On 03/08/2016 22:39, Chris Angelico wrote:
On Thu, Aug 4, 2016 at 6:53 AM, BartC <b...@freeuk.com> wrote:
On 03/08/2016 21:12, Chris Angelico wrote:

Fairly common approach - and it means you'll never find those .py
files. So it's no different from looking for sys.py and not finding
it, except that in the case of CPython's sys, it's not even a DLL -
it's part of the interpreter core.


I don't understand. With direct access to msvcrt.dll, the interface to that
will be inside a .py file. Not buried away somewhere else.

Oh. CPython takes a much simpler approach: instead of forcing a Python
module to "think like C", it allows a C module to export functions to
Python. So when you "import math", you actually get something from a
.so/.dll file.

But is this a generic mechanism that works for /any/ .dll file, or does there have to be dedicated support for each of the 60 built-in modules?

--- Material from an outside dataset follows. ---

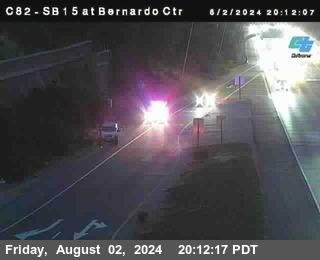 SB 15 at Bernardo Center Dr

I'm talking about the former.

Then something like a file library can be written in 100% Python, built around calls to msvcrt.dll for example.

Since such libraries usually come with the OS, anyone investigating how a library works will see only Python, until it gets to the foreign functions, which have their own well-documented interface.

You don't just hit a brick wall and be forced to delve into the innards of CPython, which should be concerning itself with implementing the language not providing libraries too.